* EXERCISE REQUIREMENTS: Look through the data that follows and copy each line with the string "from".

Scraped caption text data:
== Segment start ==

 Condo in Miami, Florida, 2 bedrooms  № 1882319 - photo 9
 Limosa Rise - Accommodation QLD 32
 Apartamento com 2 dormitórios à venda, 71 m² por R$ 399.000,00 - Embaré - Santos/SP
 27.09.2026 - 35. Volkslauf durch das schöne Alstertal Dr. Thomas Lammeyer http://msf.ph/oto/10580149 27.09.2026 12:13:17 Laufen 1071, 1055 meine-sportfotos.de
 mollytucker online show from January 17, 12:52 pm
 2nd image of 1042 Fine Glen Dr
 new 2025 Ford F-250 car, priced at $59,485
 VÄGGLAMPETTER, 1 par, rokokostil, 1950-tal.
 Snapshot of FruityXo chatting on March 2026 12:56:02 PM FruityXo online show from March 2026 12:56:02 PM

== Segment end ==

* ANSWER BOX:
 mollytucker online show from January 17, 12:52 pm
 Snapshot of FruityXo chatting on March 2026 12:56:02 PM FruityXo online show from March 2026 12:56:02 PM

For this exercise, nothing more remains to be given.